The 24 drivers DR1 to DR 24 are cascaded via data lines so that one line of imprint data can be sent into the drivers R 1 to R 24 by shifting print data DATA0 DATA7 from one driver to the following driver. The drivers DR1 to DR 24 include switches SW1 to SW 1536 (see Fig. 4) for controlling the operation of electrically energizing the thermal head heaters R 1 to R 1536. As noted above, although the switches are shown schematically as mechanical switches it is preferred to have the switches be controlled using transistors.
Terminals through which print data DATA0 through DATA7 are supplied maybe respectively connected to a ground terminal GNDL via pull-down resistors PR0 to PR7.
With reference to Fig. 4, the switches SW1 to SW 1536 are disposed in the drivers DR1 to DR 24 such that each driver includes sixty four switches, and each thermal head heater element R1 to R 1536 is connected in series to one corresponding switch, and each series connection of one thermal head heater element and one switch is connected between the positive terminal of the power supply VH and the negative terminal (ground GNDH) thereof. In this configuration, some of the thermal head heater elements R 1 to R 1536 are selectively connected to the power supply voltage VH when there is selective turning on of the corresponding switches of switches SW1 to SW 1536. Those heating elements selectively connected to the power supply voltage VH generate heat in accordance with and in amounts related to the enablement time they are so connected during a respective line period. That is, any of the 1536 thermal head heaters R 1 to R 1536 can be separately turned on by closing the respective one of the 1536 switches SW1 to SW 1536, and record a pixel or spot of color as the respective thermal head heater element generates heat to cause dye to sublimate or diffuse from the respective color patch to the receiver.

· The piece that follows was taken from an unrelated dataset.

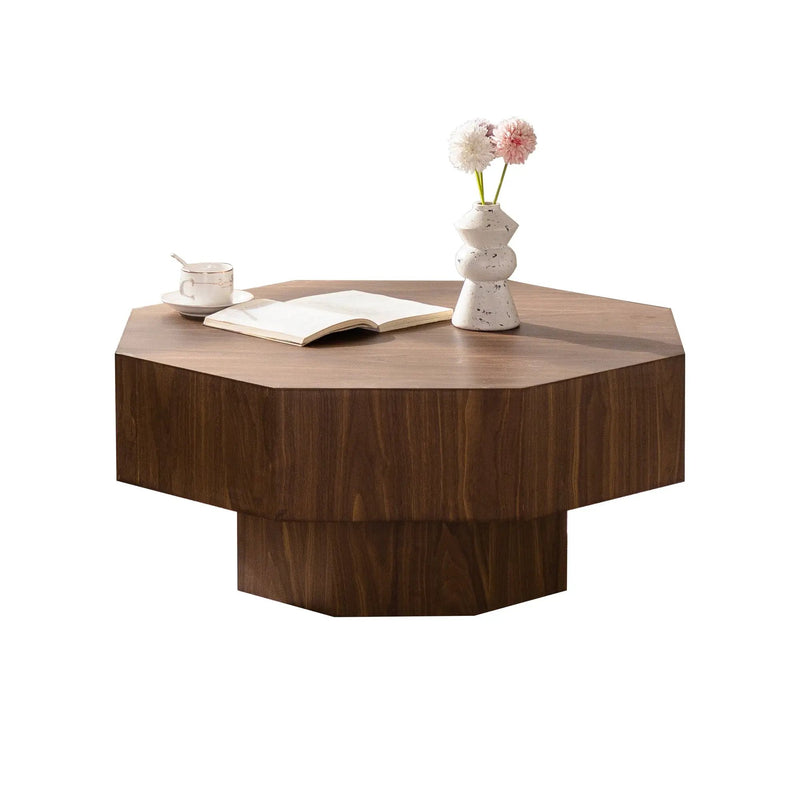 30.51 Inch Wooden Octagonal Coffee Table for Living Room by HouseOfZazla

It will be understood that the numbers provided above are exemplary and that through higher level integration, one integrated circuit may contain all the driver circuitry for several thousand switches.
Fig. 5 illustrates a circuit configuration of the circuit or printer controller 40 for generating various control signals and imprint data signals. In Fig. 5, reference 100 denotes a strobe pulse table which defines a pulse pattern of the strobe signal HLSTR serving as a reference signal according to which the energization of thermal head heaters R 1 to R 1536 are controlled depending upon the printing mode. A strobe pulse table outputs a pulse pattern in response to a print mode signal MODE specifying the printing mode in which one of colors of yellow, magenta, cyan and optionally a transparent overcoat (where a quad patch is used). In the enlarged print mode the print mode signal MODE also is changed in accordance with the line number being printed as will be discussed further below.
Reference number 101 denotes a thermal head heater element control signal generator for generating various control signals (enable signal ENBb, load signal LOADb, set signal SETb, high-level strobe signal HLSTR, low-level strobe signal LLSTR, and clock signal DCLK). The strobe pulse table 100 in the thermal head heater element control signal generator 101 forms signal generating means for generating a high-level strobe signal HLSTR serving as a reference signal and controlling the operation of energizing the thermal head heater elements depending upon the printing mode selected from a plurality of printing modes in which respective colors are printed.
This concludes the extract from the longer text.